Pictures with short captions:
BEGIN

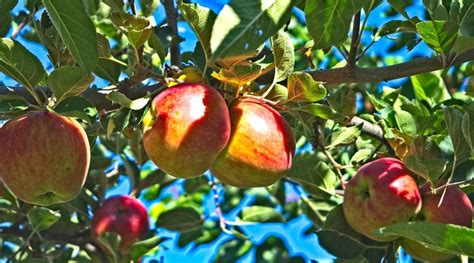 28 Different Types of Apple Tree Varieties to Grow This Season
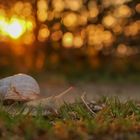 Die Schnecke im Sonnenuntergang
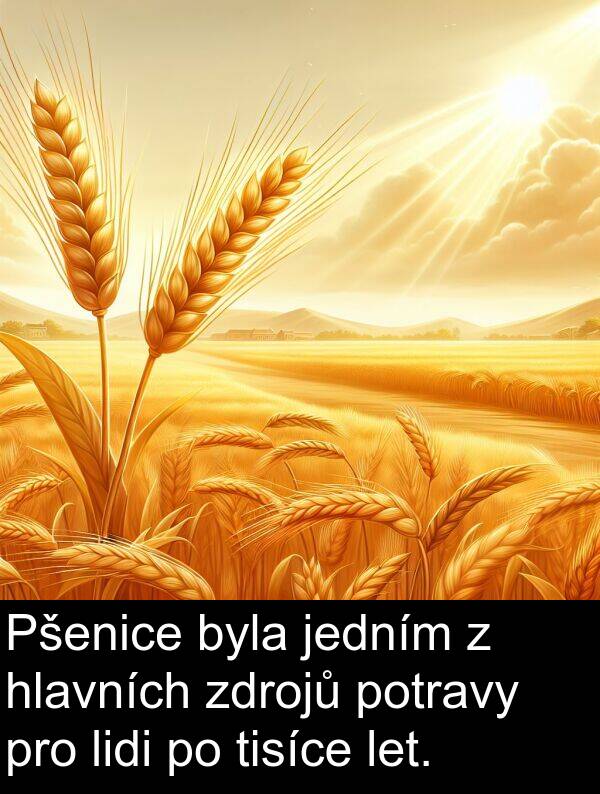 zdrojů: Pšenice byla jedním z hlavních zdrojů potravy pro lidi po tisíce let.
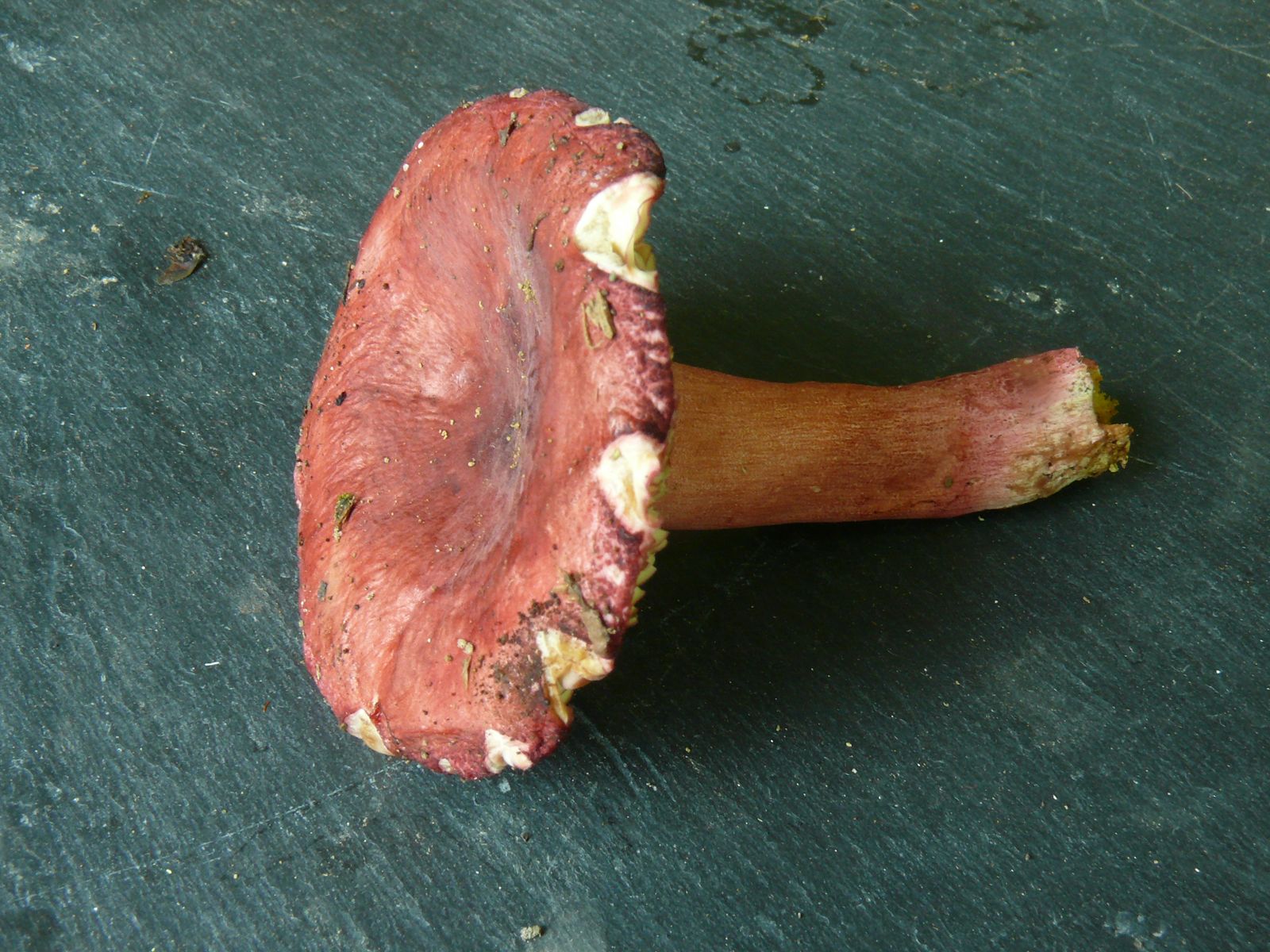 Russula aciculocystis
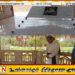 அகிம்சை ரீதியில் உண்ணாவிரதமிருந்து உயிர்நீத்த அன்னை பூபதியின் நினைவேந்தல்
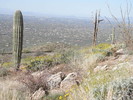 photo thumbnail #2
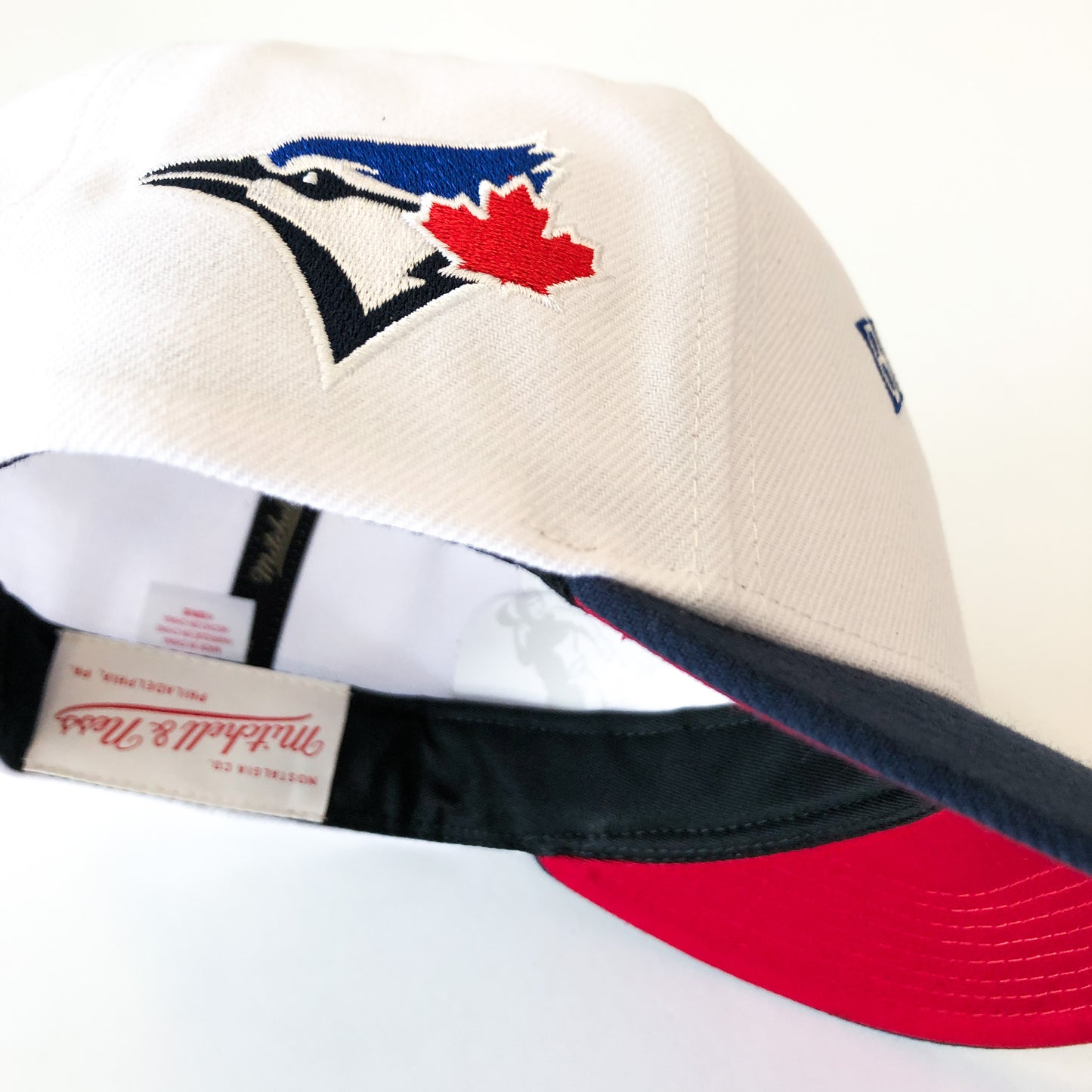 Mitchell and Ness Toronto Blue Jays Evergreen Pro Snapback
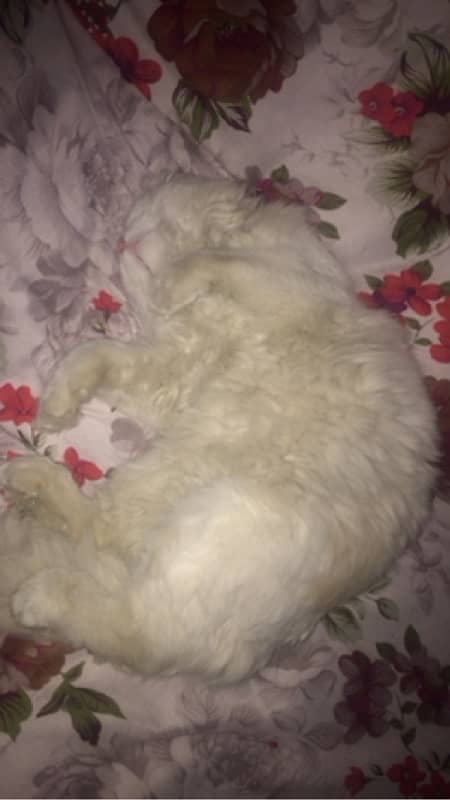 pink nose persian white Female Cat 1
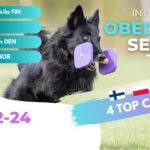 International Obedience Seminar cover
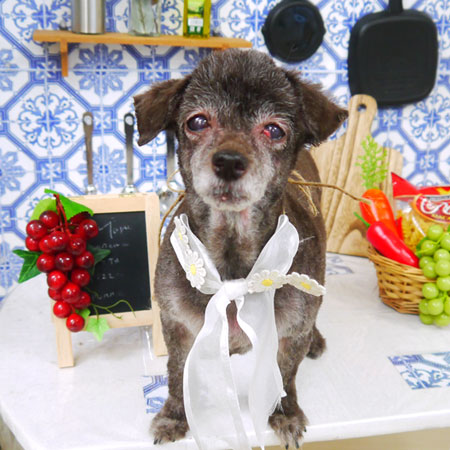 【山手店】2021年7月26日のワンちゃん達♪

END

§ **Task description**:
Set down exactly, and only, the lines from the one holding "zdrojů: Pšenice byla" to the end of the records above, leaving every picture out.

§ **Task answer**:
 zdrojů: Pšenice byla jedním z hlavních zdrojů potravy pro lidi po tisíce let.
 Russula aciculocystis
 அகிம்சை ரீதியில் உண்ணாவிரதமிருந்து உயிர்நீத்த அன்னை பூபதியின் நினைவேந்தல்
 photo thumbnail #2
 Mitchell and Ness Toronto Blue Jays Evergreen Pro Snapback
 pink nose persian white Female Cat 1
 International Obedience Seminar cover
 【山手店】2021年7月26日のワンちゃん達♪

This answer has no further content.